AHPs also mediate the accumulation in the nucleus of other plant-specific cytokinin-responsive genes, the CYTOKININ RESPONSE FACTORS (CRFs), members of the A. thaliana AP2 (APETALA 2) family of transcription factors (Rashotte et al., 2006). In response to cytokinin, activated type-B ARRs and CRFs act together to regulate gene expression of common and unique targets, including type-A ARRs (Hwang & Sheen, 2001; Rashotte et al., 2006). Indeed, the transcriptional activation of the type-A ARRs represents a negative feedback loop required to dampen the response upon high or prolonged signal input (To et al., 2004). In addition to their transcriptional up-regulation, activated type-A ARR proteins become more stable in response to cytokinin (To et al., 2007).

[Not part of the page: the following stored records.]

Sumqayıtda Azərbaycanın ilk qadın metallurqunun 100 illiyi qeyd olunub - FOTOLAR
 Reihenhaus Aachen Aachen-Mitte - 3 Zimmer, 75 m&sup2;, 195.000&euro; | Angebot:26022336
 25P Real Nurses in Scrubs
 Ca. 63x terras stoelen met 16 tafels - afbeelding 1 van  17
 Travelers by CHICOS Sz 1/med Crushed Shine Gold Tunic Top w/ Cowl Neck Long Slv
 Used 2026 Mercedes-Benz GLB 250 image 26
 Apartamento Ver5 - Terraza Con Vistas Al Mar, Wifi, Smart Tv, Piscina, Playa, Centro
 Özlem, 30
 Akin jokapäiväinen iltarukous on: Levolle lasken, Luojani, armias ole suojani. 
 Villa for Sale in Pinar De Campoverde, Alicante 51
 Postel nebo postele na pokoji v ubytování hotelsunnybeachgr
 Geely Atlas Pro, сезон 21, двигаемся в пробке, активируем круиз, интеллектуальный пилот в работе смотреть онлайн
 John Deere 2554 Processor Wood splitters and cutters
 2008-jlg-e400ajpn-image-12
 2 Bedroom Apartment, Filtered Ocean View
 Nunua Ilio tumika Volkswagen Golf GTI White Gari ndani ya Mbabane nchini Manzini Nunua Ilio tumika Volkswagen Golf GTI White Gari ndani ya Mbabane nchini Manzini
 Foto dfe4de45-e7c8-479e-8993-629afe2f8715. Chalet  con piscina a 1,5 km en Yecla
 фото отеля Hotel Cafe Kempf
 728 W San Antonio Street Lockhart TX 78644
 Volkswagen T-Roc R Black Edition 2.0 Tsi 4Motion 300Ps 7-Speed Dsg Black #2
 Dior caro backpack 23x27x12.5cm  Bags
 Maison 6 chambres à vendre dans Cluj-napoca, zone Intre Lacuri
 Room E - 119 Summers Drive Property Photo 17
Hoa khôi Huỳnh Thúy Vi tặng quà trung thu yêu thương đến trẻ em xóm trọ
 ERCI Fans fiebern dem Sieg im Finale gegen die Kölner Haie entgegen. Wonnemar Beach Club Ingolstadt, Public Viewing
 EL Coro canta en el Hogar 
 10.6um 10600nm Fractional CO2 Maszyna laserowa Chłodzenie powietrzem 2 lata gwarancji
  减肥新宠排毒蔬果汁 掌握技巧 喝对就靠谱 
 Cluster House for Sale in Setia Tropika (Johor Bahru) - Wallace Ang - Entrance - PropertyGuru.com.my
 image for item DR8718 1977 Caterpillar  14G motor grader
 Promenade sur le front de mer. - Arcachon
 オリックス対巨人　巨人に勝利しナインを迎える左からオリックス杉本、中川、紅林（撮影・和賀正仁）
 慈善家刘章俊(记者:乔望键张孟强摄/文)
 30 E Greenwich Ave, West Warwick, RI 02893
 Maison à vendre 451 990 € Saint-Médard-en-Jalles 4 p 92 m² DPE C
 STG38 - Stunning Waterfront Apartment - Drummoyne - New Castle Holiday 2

Although the individual role of each family involved in the two-component cytokinin signalling pathway is well understood, little is known regarding the way in which each member mediates a specific cytokinin-dependent developmental output (Muller, 2011). The fact that every step of the signalling cascade is supported by a small gene family, all members of which present a specific and complex expression pattern and may differ in affinity to the downstream elements, provides a first level of response diversity. In addition, the pre-patterned context of the signal-receiving cell could affect the response triggered by cytokinin. Moreover, temporal variations in the topology of the cytokinin pathway components within a cell or a tissue have been shown to be crucial for the completion of developmental events (Moubayidin et al., 2010).